*** Begin section ***

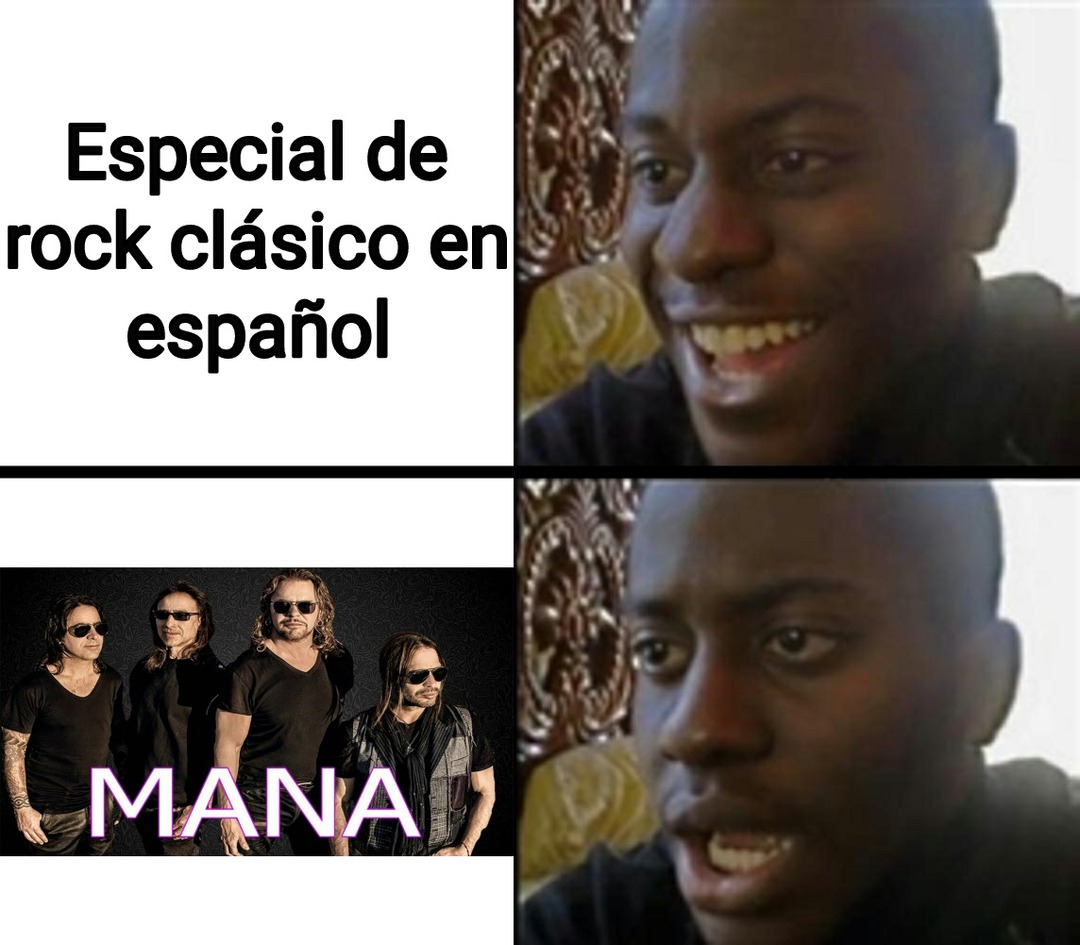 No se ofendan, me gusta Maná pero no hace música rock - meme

*** End section ***
*** Begin section ***

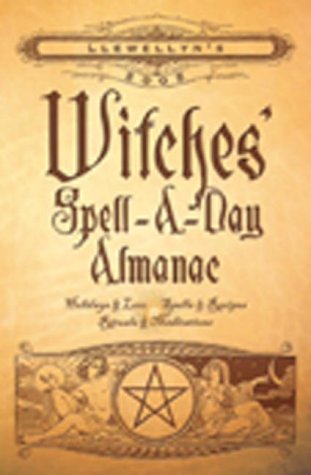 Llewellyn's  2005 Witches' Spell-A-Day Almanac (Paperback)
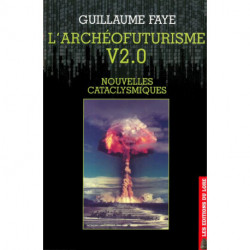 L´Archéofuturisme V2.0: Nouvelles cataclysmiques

*** End section ***

- [To do]
Text only, no pictures: please print exactly the lines above from the line with "Spell-A-Day Almanac (Paperback)" up to and including the line with "L´Archéofuturisme V2.0: Nouvelles", and nothing else.

- [Solution to this exercise]
 Llewellyn's  2005 Witches' Spell-A-Day Almanac (Paperback)
 L´Archéofuturisme V2.0: Nouvelles cataclysmiques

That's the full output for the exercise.